:: WORK INSTRUCTION ::
For this listing, reproduce the line with "Schlafsofa Hello Lux", the line with "Pendul LED Auriu - Negru – Zambelis 23232", and the lines between, exactly as they stand. Leave out pictures and all other lines.

:: SUPPLIED ENTRIES ::
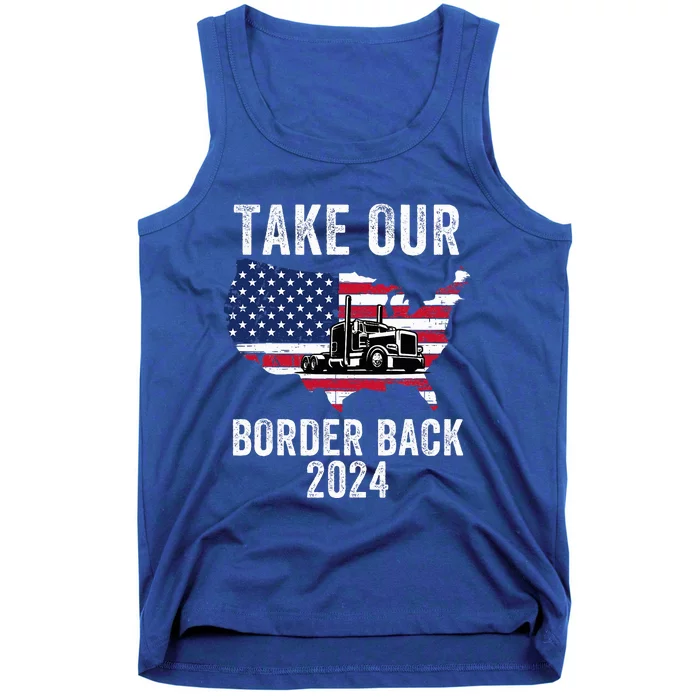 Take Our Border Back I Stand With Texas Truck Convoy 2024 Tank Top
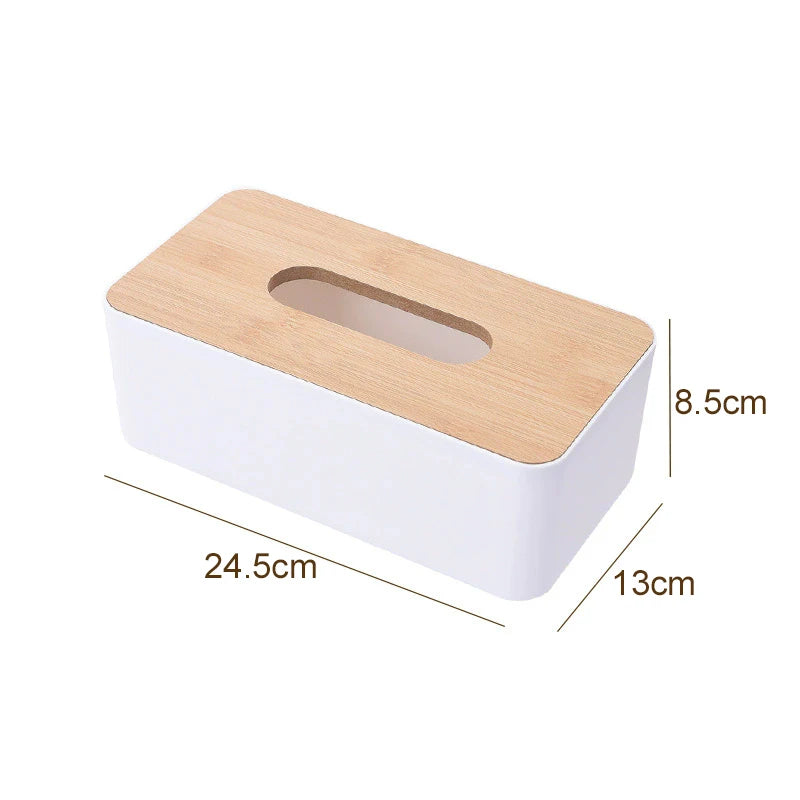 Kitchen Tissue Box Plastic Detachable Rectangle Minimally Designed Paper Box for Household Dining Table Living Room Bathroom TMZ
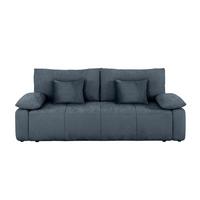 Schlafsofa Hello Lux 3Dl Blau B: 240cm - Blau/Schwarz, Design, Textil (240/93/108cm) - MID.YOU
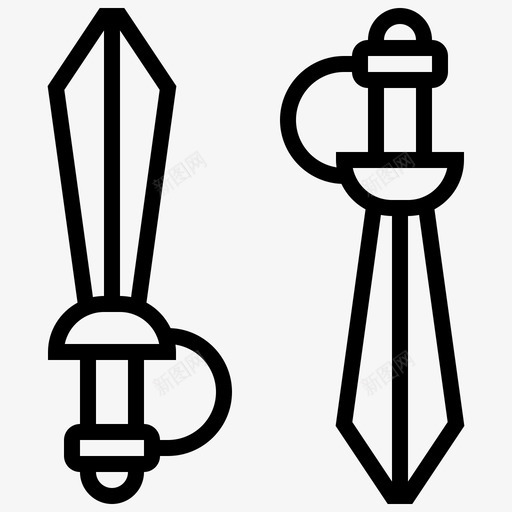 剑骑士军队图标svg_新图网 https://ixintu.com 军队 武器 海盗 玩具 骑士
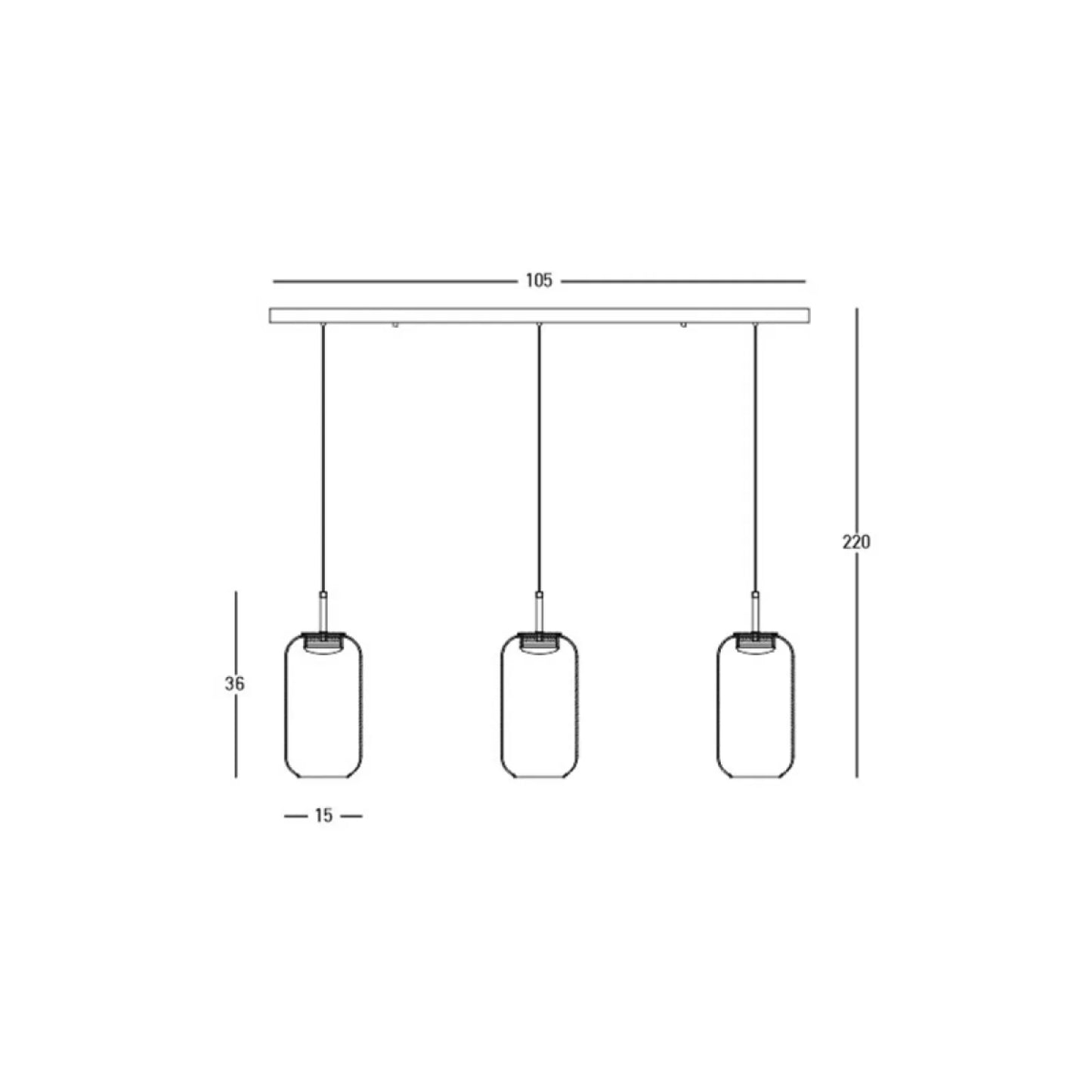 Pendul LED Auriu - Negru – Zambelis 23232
--
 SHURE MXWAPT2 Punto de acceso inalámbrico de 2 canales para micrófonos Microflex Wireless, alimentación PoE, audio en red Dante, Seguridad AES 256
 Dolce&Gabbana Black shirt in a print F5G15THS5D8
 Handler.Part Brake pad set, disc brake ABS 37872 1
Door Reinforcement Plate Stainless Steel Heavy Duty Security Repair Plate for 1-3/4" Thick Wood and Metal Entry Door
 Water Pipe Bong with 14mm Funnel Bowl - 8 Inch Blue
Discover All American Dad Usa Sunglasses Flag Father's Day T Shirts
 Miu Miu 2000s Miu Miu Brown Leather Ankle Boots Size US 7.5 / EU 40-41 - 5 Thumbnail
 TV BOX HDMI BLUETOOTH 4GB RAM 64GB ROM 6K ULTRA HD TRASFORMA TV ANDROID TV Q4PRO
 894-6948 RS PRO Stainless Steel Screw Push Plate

:: ANSWER SECTION ::
 Schlafsofa Hello Lux 3Dl Blau B: 240cm - Blau/Schwarz, Design, Textil (240/93/108cm) - MID.YOU
 剑骑士军队图标svg_新图网 https://ixintu.com 军队 武器 海盗 玩具 骑士
 Pendul LED Auriu - Negru – Zambelis 23232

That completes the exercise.